Pesquisador da Fiocruz, Rivaldo Venâncio fez comentários sobre o espectro clínico da chikungunya, que segundo ele mata na mesma proporção da dengue (foto: Peter Ilicciev)
Cunha afirmou que a doença pode evoluir em três fases; aguda (até 14 dias), pós-aguda (até 90 dias) e crônica (mais de 90 dias). Ele também listou os sinais e sintomas mais frequentes, de acordo com as fases em pessoas adultas. Na fase adulta, febre, artralgias/artrites e manifestações cutâneas. Na fase pós-aguda, poliartrite, dores aticulares, tenossinovite hipertrófica em punhos e tornozelos e síndrome do túnel do carpo. E na fase crônica, dores recorrentes/intermitentes em mãos, pinhos, joelhos, tornozelos, edema, rigidez matinal e comprometimentos cervicais e em ombros.

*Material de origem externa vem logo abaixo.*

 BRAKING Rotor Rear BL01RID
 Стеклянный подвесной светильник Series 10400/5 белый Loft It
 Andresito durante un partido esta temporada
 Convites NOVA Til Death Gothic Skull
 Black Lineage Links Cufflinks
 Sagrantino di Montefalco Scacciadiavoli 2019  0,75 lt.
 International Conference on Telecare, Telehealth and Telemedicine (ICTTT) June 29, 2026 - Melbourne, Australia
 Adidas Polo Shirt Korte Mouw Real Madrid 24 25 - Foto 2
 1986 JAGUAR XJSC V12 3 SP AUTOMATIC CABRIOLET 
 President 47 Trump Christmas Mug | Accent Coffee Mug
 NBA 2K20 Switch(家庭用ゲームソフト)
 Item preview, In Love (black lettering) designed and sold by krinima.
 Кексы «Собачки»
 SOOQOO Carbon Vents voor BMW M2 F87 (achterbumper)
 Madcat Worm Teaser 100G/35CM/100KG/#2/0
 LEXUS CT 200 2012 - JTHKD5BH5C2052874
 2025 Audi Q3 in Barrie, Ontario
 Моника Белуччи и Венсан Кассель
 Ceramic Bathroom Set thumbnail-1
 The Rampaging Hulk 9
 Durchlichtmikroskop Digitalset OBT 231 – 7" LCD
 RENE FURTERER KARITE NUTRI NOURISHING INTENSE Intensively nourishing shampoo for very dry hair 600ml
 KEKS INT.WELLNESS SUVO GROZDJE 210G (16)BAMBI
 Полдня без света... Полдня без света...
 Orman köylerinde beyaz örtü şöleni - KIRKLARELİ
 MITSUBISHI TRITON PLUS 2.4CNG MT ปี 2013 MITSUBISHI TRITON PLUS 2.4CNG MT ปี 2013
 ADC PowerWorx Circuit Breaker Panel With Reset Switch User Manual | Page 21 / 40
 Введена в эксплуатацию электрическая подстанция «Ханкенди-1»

O pesquisador Filipe Naveca, chefe do Laboratório de Arbovírus e Vírus Hemorrágicos do IOC/Fiocruz e coordenador do Núcleo de Vigilância de Vírus Emergentes, Reemergentes ou Negligenciados da Fiocruz Amazônia, abordou o vírus oropouche, que teve um grande aumento no número de casos na região em 2024. Ele disse que esta semana também foram confirmados casos de oropouche em Teresina. De acordo com a Secretaria de Saúde do Piauí, até esta quinta-feira (11/4), são oito casos, sendo três em Teresina e cinco em Amarante.
Naveca citou o protocolo de diagnóstico por PCR em tempo real para a detecção do oropouche, desenvolvido na Fiocruz Amazônia, e citou as capacitações em detecção de arbovírus que estão sendo feitas para profissionais da saúde em estados da região e também no Mato Grosso do Sul e no Suriname – neste caso, a partir de uma demanda da Opas. O pesquisador comentou também sobre o artigo O surgimento de um novo vírus oropouche recombinante impulsiona surtos persistentes na região amazônica brasileira de 2022 a 2024, publicado pela Virological.org.
O pesquisador da Fiocruz Filipe Naveca abordou o vírus oropouche, que teve um grande aumento no número de casos na região Norte em 2024 (foto: Peter Ilicciev)
Naveca disse que a vigilância genômica ajudou a responder outra pergunta: de onde veio o oropouche que está causando o aumento recente de casos? “O primeiro evento se deu na linhagem 1955-2003, que rearranjou com o vírus Perdões de 2012. Em paralelo, outro rearranjo ocorreu, com o Orov da década de 1990 e o Iquitos de 1999, ambos no Peru, gerando a linhagem que chamamos de Peru/Colômbia/Equador 2009-2021. E, finalmente, estes dois vírus rearranjam, levando ao surgimento da linhagem 2015-2024. Assim como os vírus da influenza, os vírus segmentados, como os do oropouche, dão saltos evolutivos”, explicou.
O seminário teve ainda a participação da médica Daniela Vidal, da Comissão de Óbitos de Interesse em Saúde Pública da subsecretaria de Vigilância e Atenção Primária em Saúde da Secretaria Estadual de Saúde do Rio de Janeiro. Ela comentou sobre a atuação do setor na análise de mortes suspeitas por arboviroses.